Only the text belongs in the copy. Transcribe the data exactly and drop any pictures.

→ **RECORDED INFORMATION**:
______________________________

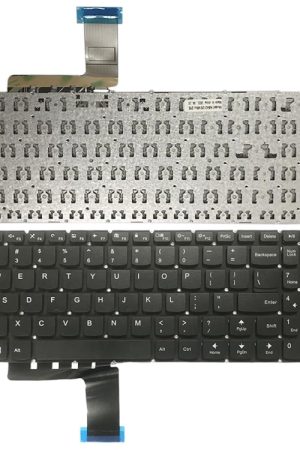 Tastiera del computer portatile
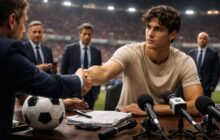 Koulierakis alla Roma: un acquisto strategico o solo un bluff di mercato?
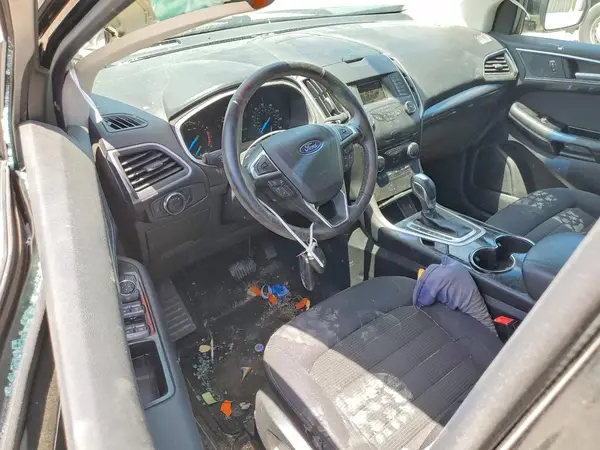 2FMPK4J85JBC58403 2018 FORD EDGE - Image 8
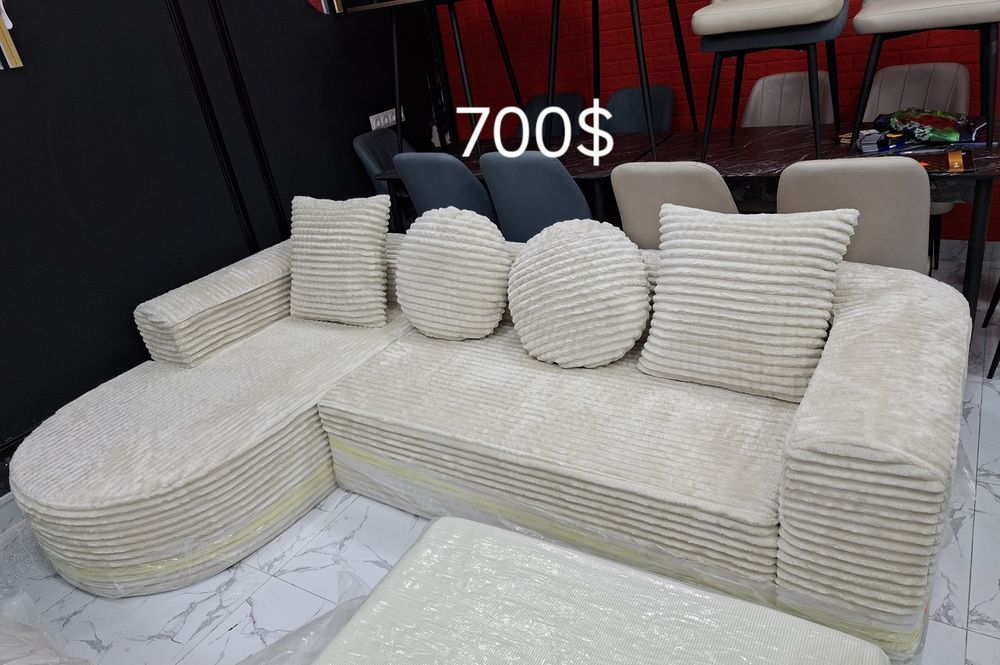 Мягкая мебель из Китая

______________________________

→ **THE ANSWER**:
 Tastiera del computer portatile
 Koulierakis alla Roma: un acquisto strategico o solo un bluff di mercato?
 2FMPK4J85JBC58403 2018 FORD EDGE - Image 8
 Мягкая мебель из Китая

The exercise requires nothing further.